My favorite moment in The Room, to date Wiseau’s only feature film, is beloved by many: a throwaway line delivered by Claudette (played by Carolyn Minnott), the mother of the story’s female lead Lisa (Juliette Danielle). After she complains about her greedy brother trying to get her to sell her house, Claudette bemoans the general state of her life. “Everything goes wrong at once. Nobody wants to help me, and I’m dying,” she says. “You’re not dying, mom,” Lisa tells her. “I got the results of the test back,” Claudette replies with a shrug. “I definitely have breast cancer.”

To call this line a non sequitur would be too kind. It’s a narrative roadblock, a shocking moment that’s all the more shocking because it’s never addressed again, nor given any weight in the film’s larger story (which is about a love triangle). She definitely has breast cancer? This character we barely hear from otherwise? It’s a perfect example of The Room’s surreality, the kind of dialogue audiences have howled at in the popular midnight screenings that have helped cement The Room’s status as a so-bad-it’s-good cult masterpiece. In The Disaster Artist, a retelling of how the movie was made, there’s no explanation for why that line exists. But midway through the film, the woman who delivered it is revealed to be, in a sense, the secret hero of The Room’s production.

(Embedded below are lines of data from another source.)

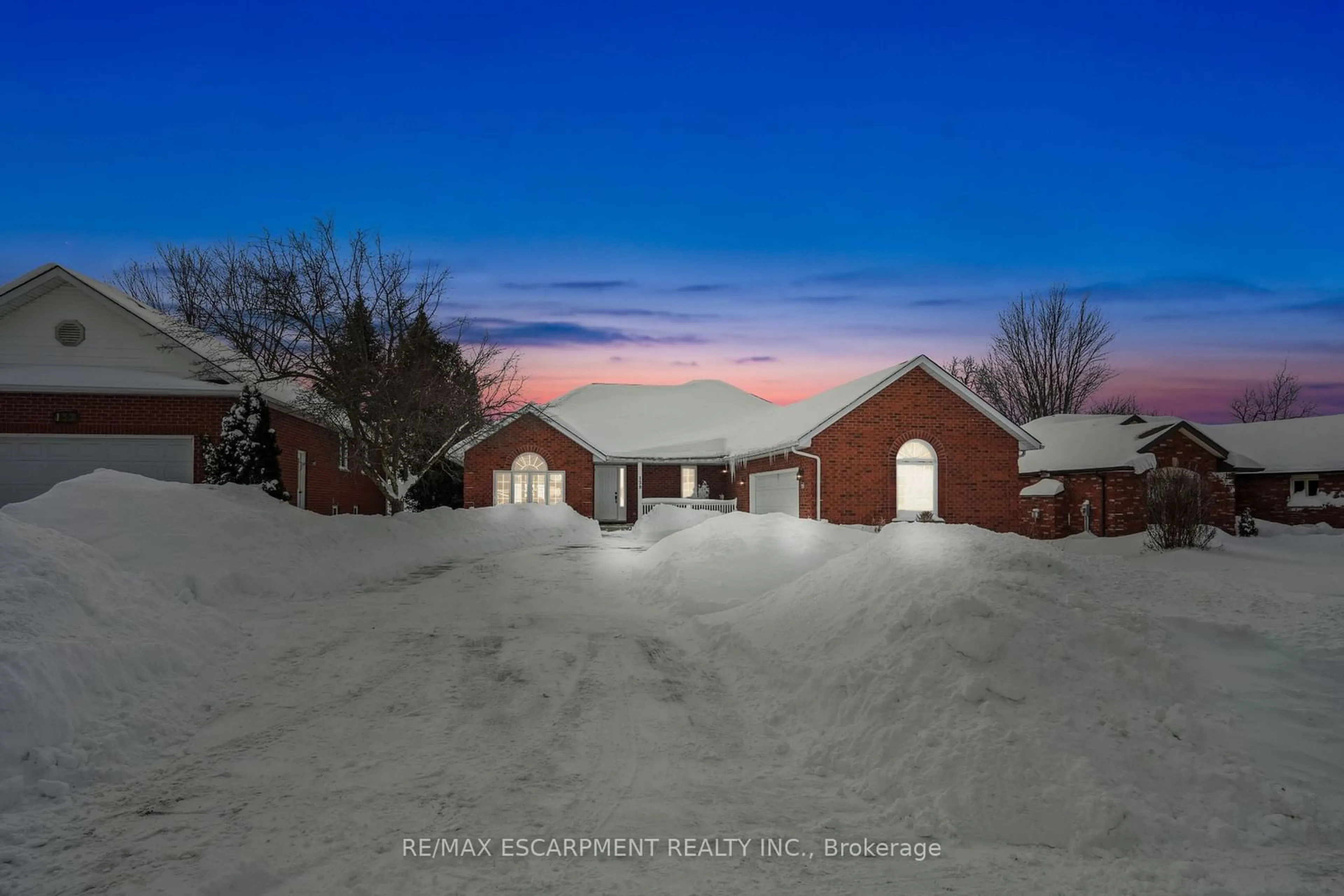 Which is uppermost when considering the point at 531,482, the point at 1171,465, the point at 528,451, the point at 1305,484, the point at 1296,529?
the point at 528,451

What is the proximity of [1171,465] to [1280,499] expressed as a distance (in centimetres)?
769

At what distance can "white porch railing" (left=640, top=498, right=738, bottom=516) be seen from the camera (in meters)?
29.5

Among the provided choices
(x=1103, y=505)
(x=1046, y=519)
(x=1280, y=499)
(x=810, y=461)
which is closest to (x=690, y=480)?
(x=810, y=461)

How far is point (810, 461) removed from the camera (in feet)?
76.8

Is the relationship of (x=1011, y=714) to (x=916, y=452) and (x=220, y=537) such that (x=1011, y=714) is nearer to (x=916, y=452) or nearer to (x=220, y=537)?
(x=220, y=537)

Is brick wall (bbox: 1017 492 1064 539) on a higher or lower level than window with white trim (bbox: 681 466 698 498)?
lower

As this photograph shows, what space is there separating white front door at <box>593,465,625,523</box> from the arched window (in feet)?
47.1

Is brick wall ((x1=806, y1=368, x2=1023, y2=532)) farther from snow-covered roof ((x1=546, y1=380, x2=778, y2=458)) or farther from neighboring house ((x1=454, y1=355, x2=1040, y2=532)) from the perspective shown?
snow-covered roof ((x1=546, y1=380, x2=778, y2=458))

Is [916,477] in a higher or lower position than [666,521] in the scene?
higher

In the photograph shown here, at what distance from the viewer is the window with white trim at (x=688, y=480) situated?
116 feet

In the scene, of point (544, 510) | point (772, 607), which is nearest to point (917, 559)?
point (772, 607)

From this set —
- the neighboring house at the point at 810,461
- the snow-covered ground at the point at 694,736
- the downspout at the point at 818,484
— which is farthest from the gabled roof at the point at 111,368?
the downspout at the point at 818,484

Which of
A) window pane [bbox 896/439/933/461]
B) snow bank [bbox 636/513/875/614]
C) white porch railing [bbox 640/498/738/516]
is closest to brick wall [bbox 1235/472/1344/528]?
window pane [bbox 896/439/933/461]

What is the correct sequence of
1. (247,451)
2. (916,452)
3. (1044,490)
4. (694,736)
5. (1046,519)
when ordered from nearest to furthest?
(694,736) → (247,451) → (916,452) → (1046,519) → (1044,490) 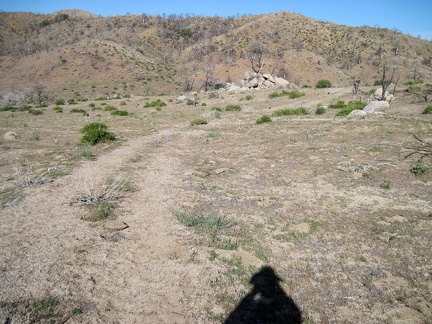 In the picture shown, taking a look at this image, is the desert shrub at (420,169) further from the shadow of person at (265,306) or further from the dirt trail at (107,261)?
the dirt trail at (107,261)

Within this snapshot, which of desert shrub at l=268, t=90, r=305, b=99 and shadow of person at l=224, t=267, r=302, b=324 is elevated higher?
desert shrub at l=268, t=90, r=305, b=99

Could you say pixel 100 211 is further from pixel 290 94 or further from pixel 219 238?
pixel 290 94

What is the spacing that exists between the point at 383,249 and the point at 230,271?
2.93 meters

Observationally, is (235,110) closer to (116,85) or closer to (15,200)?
(15,200)

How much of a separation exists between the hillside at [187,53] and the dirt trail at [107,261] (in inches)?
1900

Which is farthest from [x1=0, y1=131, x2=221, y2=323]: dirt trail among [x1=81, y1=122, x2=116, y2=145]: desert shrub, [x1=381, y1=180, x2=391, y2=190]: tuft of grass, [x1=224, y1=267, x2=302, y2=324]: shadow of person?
[x1=81, y1=122, x2=116, y2=145]: desert shrub

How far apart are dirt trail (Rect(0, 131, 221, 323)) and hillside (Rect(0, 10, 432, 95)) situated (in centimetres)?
4825

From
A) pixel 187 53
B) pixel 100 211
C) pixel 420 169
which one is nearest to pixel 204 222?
pixel 100 211

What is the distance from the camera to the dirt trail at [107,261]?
3939 mm

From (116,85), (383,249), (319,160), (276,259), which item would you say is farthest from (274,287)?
(116,85)

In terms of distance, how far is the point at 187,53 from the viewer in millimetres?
73875

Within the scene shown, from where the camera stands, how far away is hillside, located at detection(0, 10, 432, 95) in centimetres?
5506

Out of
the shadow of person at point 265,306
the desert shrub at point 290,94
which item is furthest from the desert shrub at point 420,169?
the desert shrub at point 290,94

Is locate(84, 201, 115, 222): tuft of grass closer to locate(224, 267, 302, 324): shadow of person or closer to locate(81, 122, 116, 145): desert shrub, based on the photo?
locate(224, 267, 302, 324): shadow of person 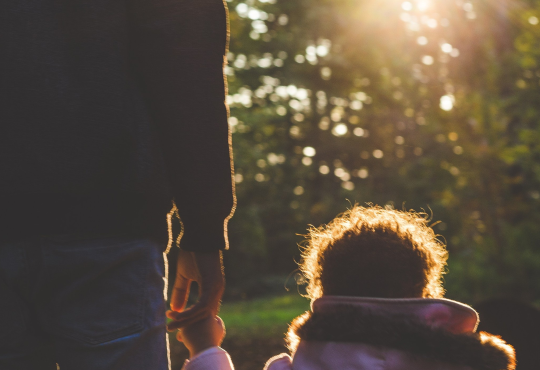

“Does this come back? The breast cancer?” Minnott (played in The Disaster Artist by the two-time Academy Award nominee Jacki Weaver) asks Wiseau on the set. “Breast cancer? No, it’s twist,” Wiseau (played by Franco) says, without further elaboration. He tries to push on with filming, even though it’s 100 degrees on set and he won’t pay for air conditioning; the embattled crew finally calls cut after Minnott faints, demanding a break to regain their composure. At lunch, the other actors try to figure out what’s motivating Minnott, a day player who’s traveled a long way to fill this inexplicable role in an equally inexplicable indie movie.

“Can I ask you something? Why do you do it?” asks Greg Sestero (Dave Franco), Wiseau’s co-star and former roommate, who’s been corralled into the production by his friend. “You have a husband and grandkids, you live 58 miles from here, and you’re waking up at 5 a.m. to drive all this way … for what?” “We’re actors, Greg,” Minnott answers with a smile. “You and me, people like us … even the worst day on a movie set is better than the best day anywhere else.”

There’s perhaps no simpler, or better, explanation for why anyone who worked on The Room took part in the production—maybe not out of faith in Wiseau’s vision, or even the promise of a good role, but for the joy of making movies. It’s a message Franco emphasizes even while depicting Wiseau’s mercurial madness on set and the director’s willingness to discard the basic rules of storytelling. It’s because of Wiseau that The Room resonated so strongly with fans: For better or worse, he made a film unlike anything people had seen before. While it’s true that for every The Room there are hundreds of amateurish indie works that barely get seen, that doesn’t mean no passion went into creating them.

Minnott’s contribution to The Room was small, and her presence could be entirely lifted out of the film without affecting the main plot (such is the strangeness of Wiseau’s script). She couldn’t have imagined that 14 years later, she’d be played by an Oscar-nominated actress in a few memorable scenes in a critically acclaimed movie. Such is the unpredictability of filmmaking: You never know which stories people are going to remember and love.

After Minnott assures Sestero that she’s happy to be on set, the other actors sitting with them start trying to guess what The Room is really about. “It’s autobiographical,” Robyn Paris (June Diane Raphael), another of the actresses, declares. “Does that mean there’s a Lisa, someone who stabbed him in the back and broke his heart?” asks Juliette Danielle (Ari Graynor). “Well, that’s obvious. That’s the universe,” Paris says dramatically. Great art can spring from the unlikeliest of places—but it never hurts to have an air of mystery.